Él siguió su mirada en torno a la habitación, pasando por el gastado mobiliario y las deslucidas paredes.
— ¿Que si lo he lamentado? ¿Me toma por un santo o por un alcornoque?
— Y trabajar… ¿le molesta?
— Bueno, el trabajo en sí no está tan mal; me gusta bastante la abogacía.
— No, yo hablo de la obligación, la rutina… ¿No tiene nunca ganas de escapar, de ver personas y lugares nuevos?
— Unas ganas terribles… en especial cuando veo a todos mis amigos apresurarse para coger un barco.

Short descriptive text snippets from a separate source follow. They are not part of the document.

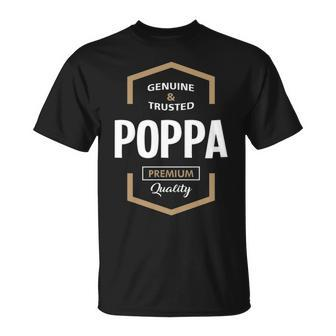 Poppa Grandpa Genuine Trusted Poppa Premium Quality T-Shirt - Seseable
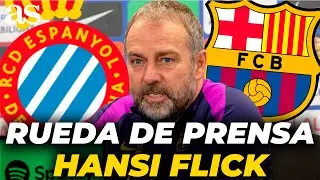 HANSI FLICK, RUEDA de PRENSA completa previa al ESPANYOL vs. BARCELONA | LALIGA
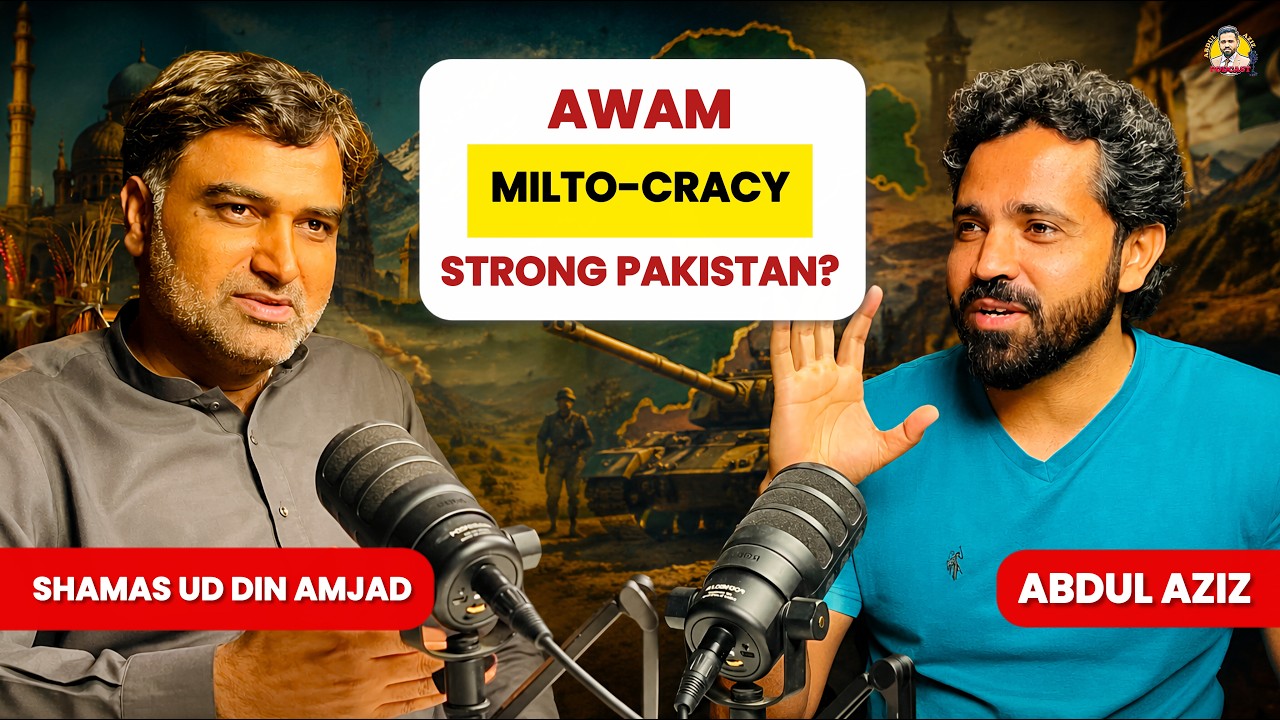 Pakistan&rsquo;s Military vs. Public Trust: Reality or Illusion? | Shamsuddin Amjad | Abdul Aziz
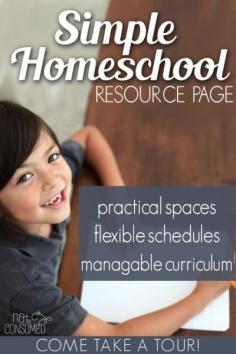Do you dream of a simple homeschool? You'll love these practical homeschool spaces, flexible homeschool schedules, manageable curriculum and more!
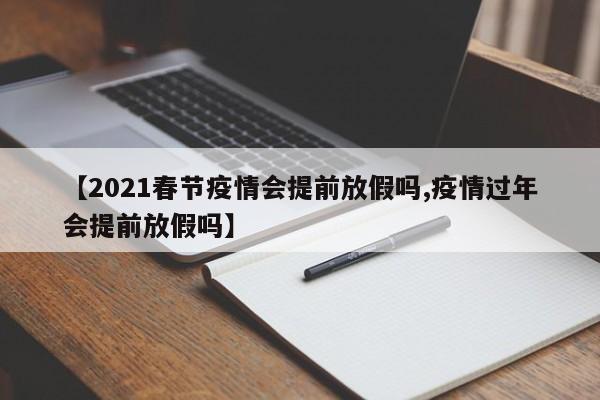 【2021春节疫情会提前放假吗,疫情过年会提前放假吗】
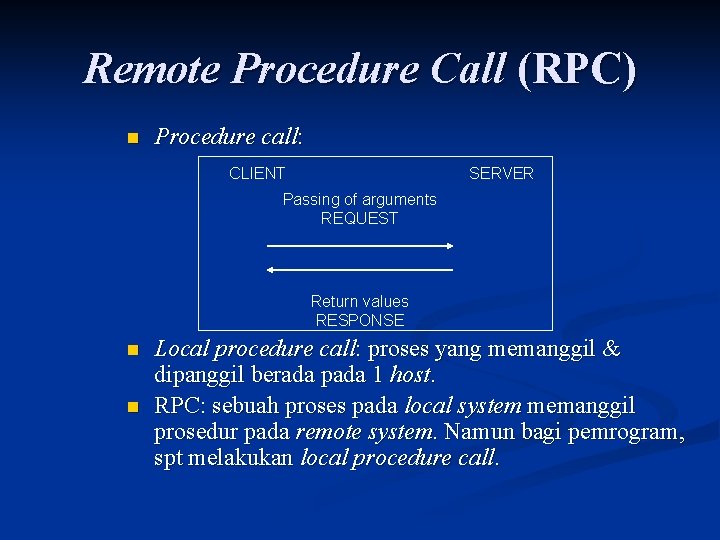 Remote Procedure Call (RPC) n Procedure call: CLIENT SERVER Passing of arguments REQUEST Return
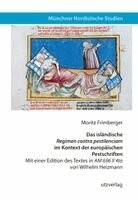 Moritz Frimberger - Das isländische "Regimen contra pestilenciam" im Kontext der europäischen Pestschriften, Häftad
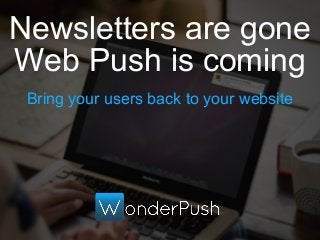 Bring your users back to your website
Newsletters are gone
Web Push is coming
 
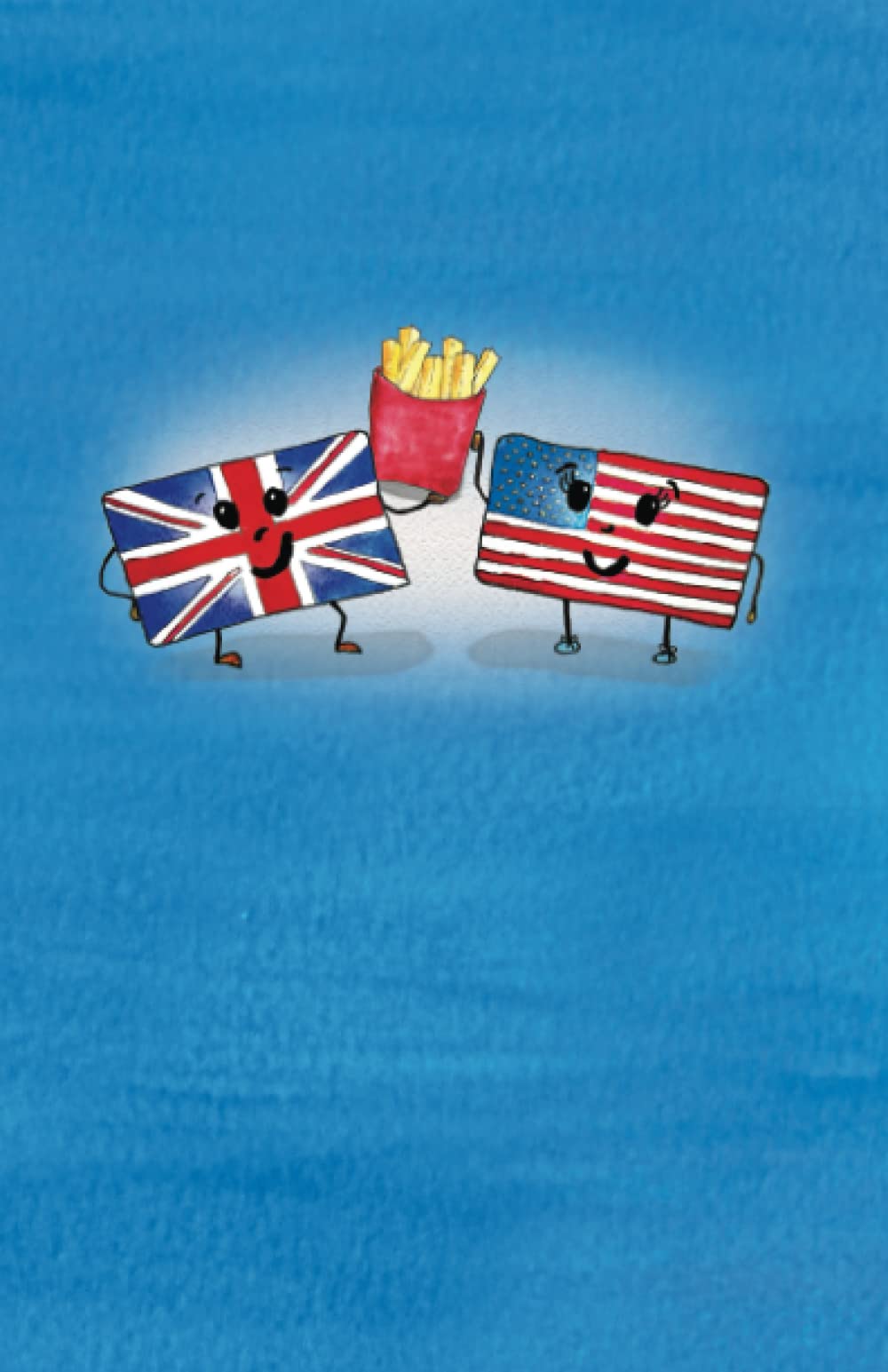 UK-USA notebook - Chips or Fries?: British-American Paper Aeroplane-Airplane Flag Travel Notebook; Medium Lined Journey Diary; 100 page; A5 ... guide for both sides of the pond (UK - USA)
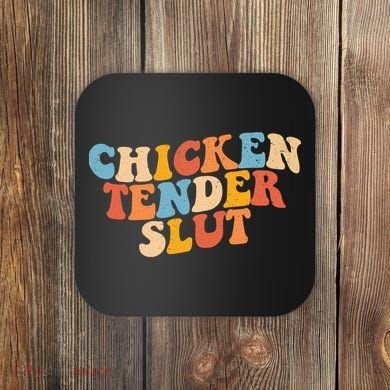 Chicken Tender Slut Retro Funny Coaster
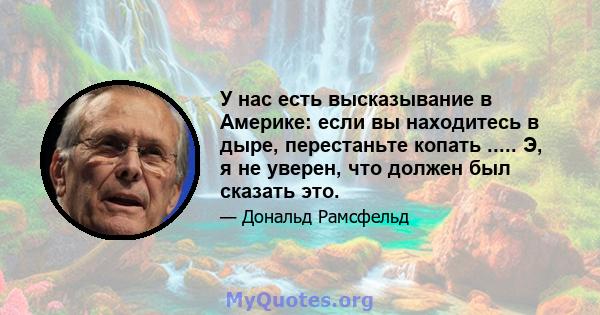 У нас есть высказывание в Америке: если вы находитесь в дыре, перестаньте копать ..... Э, я не уверен, что должен был сказать это.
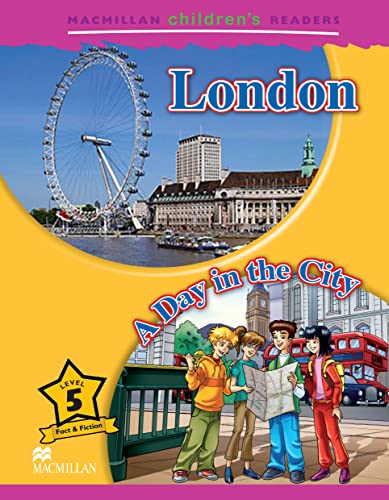 Imagen de archivo de Macmillan Childrens Readers: London / A Day in the City: Level 5 a la venta por Greener Books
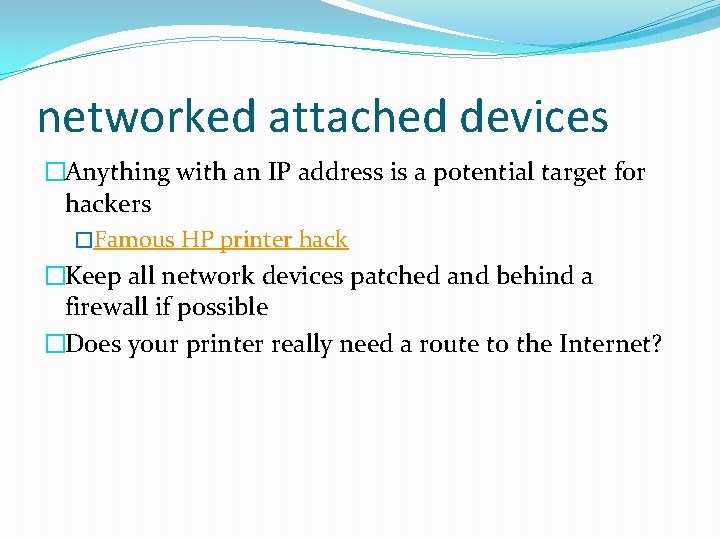 networked attached devices �Anything with an IP address is a potential target for hackers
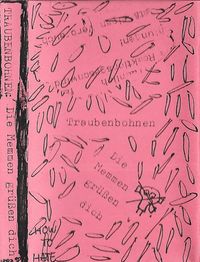 Traubenbohnen - Die Memmen Gr&uuml;&szlig;en Dich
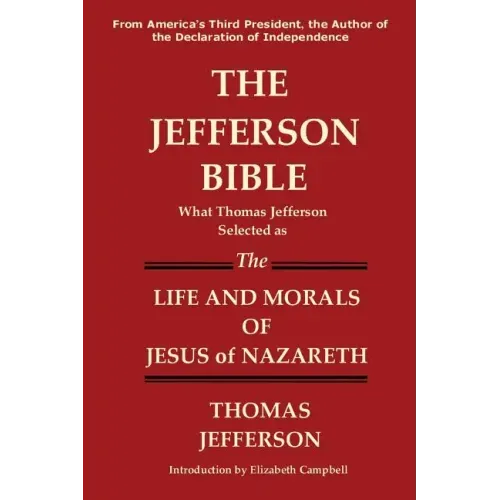 The Jefferson Bible What Thomas Jefferson Selected as the Life and Morals of Jesus of Nazareth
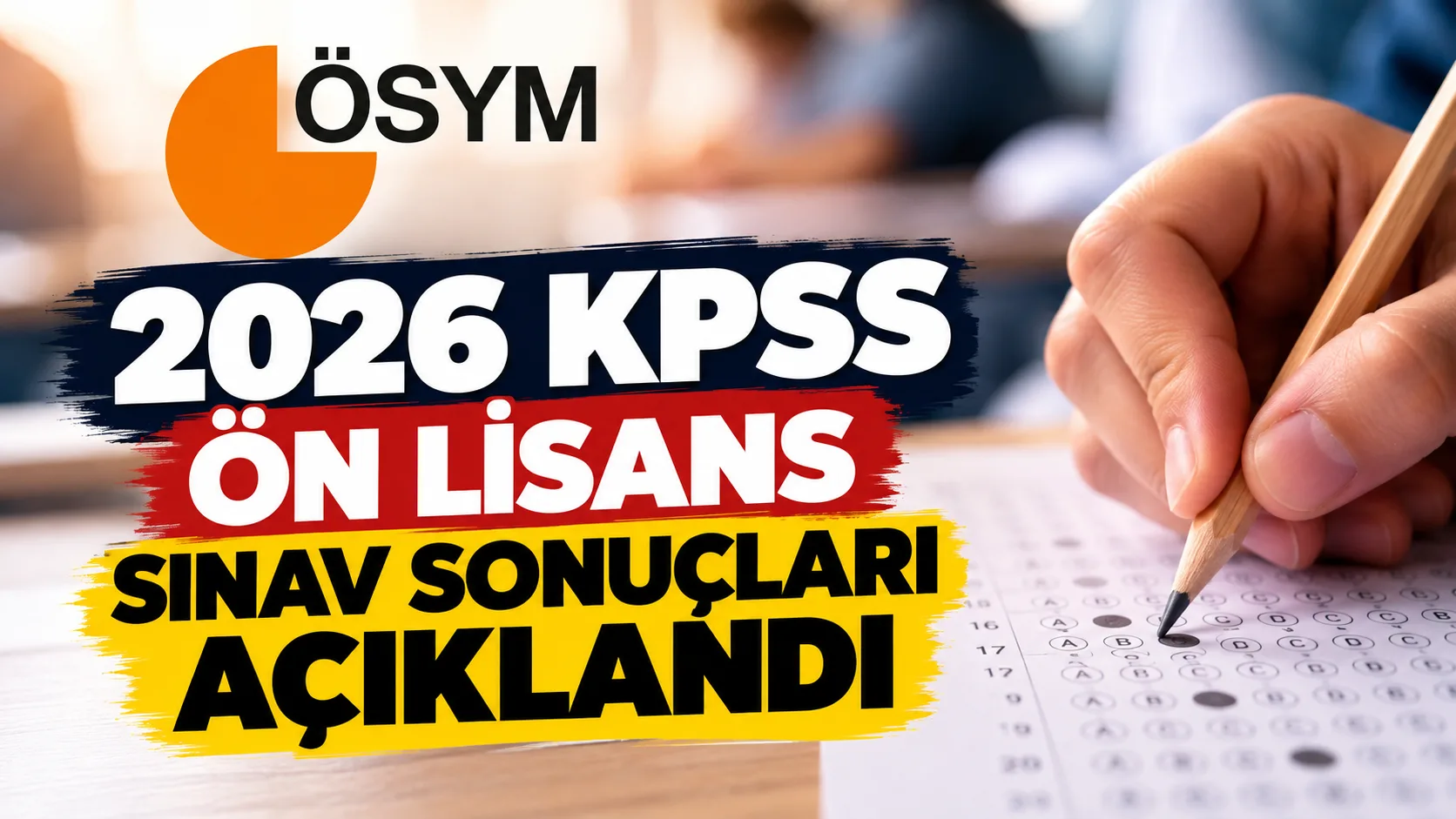 2026 KPSS ön lisans sınavı sonuçları açıklandı, KPSS Sınav Sonuçları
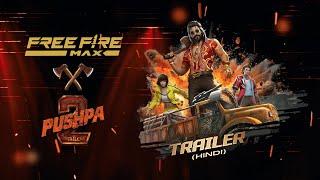 Free Fire MAX x Pushpa 2: The Rule | Hindi Trailer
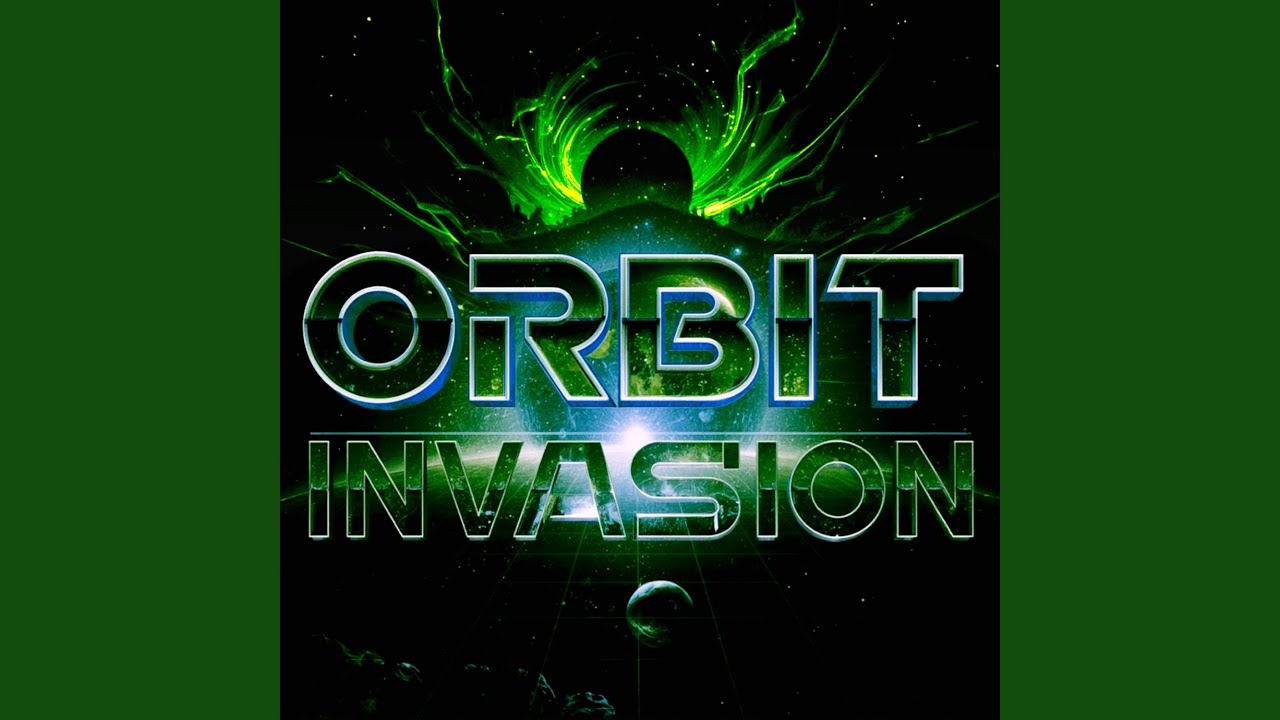 Orbit Invasion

Lily exhaló un suspiro de asentimiento.
— Pero ¿lo desea lo bastante… para casarse, a fin de escapar?
Selden soltó una carcajada.
— ¡Dios me libre! — declaró.
Ella se levantó con otro suspiro, tirando el cigarrillo a la chimenea.
— Ah, ahí está la diferencia… Una chica no tiene más remedio, un hombre sólo se casa si quiere. — Le contempló con expresión crítica —. Su chaqueta es un poco vieja, pero ¿a quién le importa? No impedirá que la gente le invite a cenar. Si yo vistiera prendas viejas, nadie me aceptaría; a una mujer se la invita tanto por su vestuario como por su persona. Los vestidos son el telón de fondo, el marco, por así decirlo; no son causa del éxito pero sí parte de él. ¿Quién quiere a una mujer desaliñada? Tenemos que ser guapas e ir bien vestidas hasta que nos caemos muertas… y, si no podemos lograrlo solas, tenemos que asociarnos.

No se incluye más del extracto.